=== Begin Enclosure ===

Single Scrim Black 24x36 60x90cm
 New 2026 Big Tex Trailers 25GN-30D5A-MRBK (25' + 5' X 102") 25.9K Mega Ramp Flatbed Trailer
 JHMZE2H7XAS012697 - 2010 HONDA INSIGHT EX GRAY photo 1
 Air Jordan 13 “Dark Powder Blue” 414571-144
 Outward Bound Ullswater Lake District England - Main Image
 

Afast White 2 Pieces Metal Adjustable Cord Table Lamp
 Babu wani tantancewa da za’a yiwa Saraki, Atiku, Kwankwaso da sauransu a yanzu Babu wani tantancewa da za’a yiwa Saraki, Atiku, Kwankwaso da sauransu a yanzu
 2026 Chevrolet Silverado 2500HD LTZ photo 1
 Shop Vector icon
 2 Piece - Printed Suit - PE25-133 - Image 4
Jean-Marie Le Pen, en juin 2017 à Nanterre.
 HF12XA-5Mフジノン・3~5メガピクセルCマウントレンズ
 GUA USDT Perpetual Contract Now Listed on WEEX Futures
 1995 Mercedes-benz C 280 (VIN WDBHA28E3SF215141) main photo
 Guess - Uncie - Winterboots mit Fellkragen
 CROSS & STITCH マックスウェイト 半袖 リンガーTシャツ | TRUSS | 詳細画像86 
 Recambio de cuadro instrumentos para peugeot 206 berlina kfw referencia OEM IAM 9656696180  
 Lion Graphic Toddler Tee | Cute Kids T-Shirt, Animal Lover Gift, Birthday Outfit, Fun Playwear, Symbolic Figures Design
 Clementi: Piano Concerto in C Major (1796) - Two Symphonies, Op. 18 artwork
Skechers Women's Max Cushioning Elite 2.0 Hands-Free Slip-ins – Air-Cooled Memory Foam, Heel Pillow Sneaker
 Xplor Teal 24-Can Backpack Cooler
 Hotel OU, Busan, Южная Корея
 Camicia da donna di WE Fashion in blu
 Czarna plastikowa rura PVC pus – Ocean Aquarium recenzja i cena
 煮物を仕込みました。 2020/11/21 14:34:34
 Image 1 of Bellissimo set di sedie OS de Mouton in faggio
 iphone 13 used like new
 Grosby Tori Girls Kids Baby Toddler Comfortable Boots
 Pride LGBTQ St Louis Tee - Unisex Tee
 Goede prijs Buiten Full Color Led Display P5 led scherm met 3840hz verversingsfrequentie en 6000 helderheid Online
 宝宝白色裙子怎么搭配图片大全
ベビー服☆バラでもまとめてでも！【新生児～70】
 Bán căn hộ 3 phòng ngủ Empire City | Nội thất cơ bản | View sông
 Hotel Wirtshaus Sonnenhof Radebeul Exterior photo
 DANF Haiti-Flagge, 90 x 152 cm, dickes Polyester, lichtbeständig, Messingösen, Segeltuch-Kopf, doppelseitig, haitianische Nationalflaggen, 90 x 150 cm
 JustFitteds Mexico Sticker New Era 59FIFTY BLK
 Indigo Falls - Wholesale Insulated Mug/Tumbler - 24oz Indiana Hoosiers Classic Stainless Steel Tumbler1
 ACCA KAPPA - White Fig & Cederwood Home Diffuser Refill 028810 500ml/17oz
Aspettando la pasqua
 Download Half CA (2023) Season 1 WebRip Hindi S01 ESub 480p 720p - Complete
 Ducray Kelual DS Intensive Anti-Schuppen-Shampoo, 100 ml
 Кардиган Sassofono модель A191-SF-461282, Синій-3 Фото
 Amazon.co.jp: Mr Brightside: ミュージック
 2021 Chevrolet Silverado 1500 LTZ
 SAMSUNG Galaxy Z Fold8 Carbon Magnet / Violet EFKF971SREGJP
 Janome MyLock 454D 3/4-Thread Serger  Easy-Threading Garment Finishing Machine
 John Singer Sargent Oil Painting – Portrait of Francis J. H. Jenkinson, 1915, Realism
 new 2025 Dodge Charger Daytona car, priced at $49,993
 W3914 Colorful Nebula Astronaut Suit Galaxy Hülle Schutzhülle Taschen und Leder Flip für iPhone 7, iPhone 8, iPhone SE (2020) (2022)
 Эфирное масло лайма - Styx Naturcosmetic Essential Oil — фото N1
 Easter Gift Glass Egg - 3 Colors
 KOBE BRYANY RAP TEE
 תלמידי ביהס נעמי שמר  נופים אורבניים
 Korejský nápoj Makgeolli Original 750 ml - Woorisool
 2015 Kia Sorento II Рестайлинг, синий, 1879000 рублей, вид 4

=== End Enclosure ===

--- What to do ---
After locating the line containing "John Singer Sargent", give that line and every later line of the listing again exactly, up to and including the last.

--- Answer for this exercise ---
 John Singer Sargent Oil Painting – Portrait of Francis J. H. Jenkinson, 1915, Realism
 new 2025 Dodge Charger Daytona car, priced at $49,993
 W3914 Colorful Nebula Astronaut Suit Galaxy Hülle Schutzhülle Taschen und Leder Flip für iPhone 7, iPhone 8, iPhone SE (2020) (2022)
 Эфирное масло лайма - Styx Naturcosmetic Essential Oil — фото N1
 Easter Gift Glass Egg - 3 Colors
 KOBE BRYANY RAP TEE
 תלמידי ביהס נעמי שמר  נופים אורבניים
 Korejský nápoj Makgeolli Original 750 ml - Woorisool
 2015 Kia Sorento II Рестайлинг, синий, 1879000 рублей, вид 4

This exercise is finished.